Task objective:
Could you copy, exactly as written, every line from the first line of the records through the one containing "French 19th Century"?

Data for analysis:
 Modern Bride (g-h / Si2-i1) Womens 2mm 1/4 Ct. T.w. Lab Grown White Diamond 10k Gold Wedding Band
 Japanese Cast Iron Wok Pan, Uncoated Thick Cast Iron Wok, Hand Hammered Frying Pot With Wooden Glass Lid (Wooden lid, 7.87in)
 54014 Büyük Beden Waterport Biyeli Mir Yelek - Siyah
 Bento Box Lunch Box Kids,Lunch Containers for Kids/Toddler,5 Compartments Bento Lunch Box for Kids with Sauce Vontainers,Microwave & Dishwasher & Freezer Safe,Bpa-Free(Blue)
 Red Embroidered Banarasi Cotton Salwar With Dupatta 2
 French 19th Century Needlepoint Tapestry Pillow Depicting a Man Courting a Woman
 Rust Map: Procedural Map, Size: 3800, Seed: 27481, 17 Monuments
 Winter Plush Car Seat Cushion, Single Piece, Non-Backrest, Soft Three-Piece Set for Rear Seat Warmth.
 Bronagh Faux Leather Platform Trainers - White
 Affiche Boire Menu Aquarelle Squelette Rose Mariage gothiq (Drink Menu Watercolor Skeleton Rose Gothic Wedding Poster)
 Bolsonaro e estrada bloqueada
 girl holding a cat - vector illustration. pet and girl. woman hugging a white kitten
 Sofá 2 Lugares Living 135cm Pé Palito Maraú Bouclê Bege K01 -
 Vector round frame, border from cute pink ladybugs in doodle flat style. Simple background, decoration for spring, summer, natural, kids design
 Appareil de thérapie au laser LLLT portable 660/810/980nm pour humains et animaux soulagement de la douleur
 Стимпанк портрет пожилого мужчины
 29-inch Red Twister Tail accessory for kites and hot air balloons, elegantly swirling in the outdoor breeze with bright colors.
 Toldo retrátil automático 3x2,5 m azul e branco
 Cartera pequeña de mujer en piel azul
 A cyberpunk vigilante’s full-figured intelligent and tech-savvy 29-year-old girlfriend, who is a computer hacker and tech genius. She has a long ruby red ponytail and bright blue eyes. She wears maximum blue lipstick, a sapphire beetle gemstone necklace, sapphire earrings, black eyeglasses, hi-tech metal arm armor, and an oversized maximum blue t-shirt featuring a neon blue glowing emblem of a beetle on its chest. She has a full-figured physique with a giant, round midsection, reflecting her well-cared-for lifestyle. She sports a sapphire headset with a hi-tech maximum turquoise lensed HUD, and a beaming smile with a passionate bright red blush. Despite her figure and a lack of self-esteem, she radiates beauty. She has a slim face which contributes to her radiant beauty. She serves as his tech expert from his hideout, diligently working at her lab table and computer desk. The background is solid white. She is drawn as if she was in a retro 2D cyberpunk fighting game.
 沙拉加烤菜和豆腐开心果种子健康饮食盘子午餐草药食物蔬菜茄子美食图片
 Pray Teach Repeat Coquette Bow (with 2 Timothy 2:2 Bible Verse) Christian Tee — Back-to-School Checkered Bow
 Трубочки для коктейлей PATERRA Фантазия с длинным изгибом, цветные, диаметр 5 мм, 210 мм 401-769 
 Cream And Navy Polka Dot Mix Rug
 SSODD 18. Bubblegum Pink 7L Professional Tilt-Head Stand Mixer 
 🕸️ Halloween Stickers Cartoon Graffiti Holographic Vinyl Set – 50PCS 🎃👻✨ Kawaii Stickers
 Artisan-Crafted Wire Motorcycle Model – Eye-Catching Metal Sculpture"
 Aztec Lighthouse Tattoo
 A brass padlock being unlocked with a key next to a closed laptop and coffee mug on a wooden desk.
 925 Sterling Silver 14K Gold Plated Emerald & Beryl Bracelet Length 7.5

Final answer:
 Modern Bride (g-h / Si2-i1) Womens 2mm 1/4 Ct. T.w. Lab Grown White Diamond 10k Gold Wedding Band
 Japanese Cast Iron Wok Pan, Uncoated Thick Cast Iron Wok, Hand Hammered Frying Pot With Wooden Glass Lid (Wooden lid, 7.87in)
 54014 Büyük Beden Waterport Biyeli Mir Yelek - Siyah
 Bento Box Lunch Box Kids,Lunch Containers for Kids/Toddler,5 Compartments Bento Lunch Box for Kids with Sauce Vontainers,Microwave & Dishwasher & Freezer Safe,Bpa-Free(Blue)
 Red Embroidered Banarasi Cotton Salwar With Dupatta 2
 French 19th Century Needlepoint Tapestry Pillow Depicting a Man Courting a Woman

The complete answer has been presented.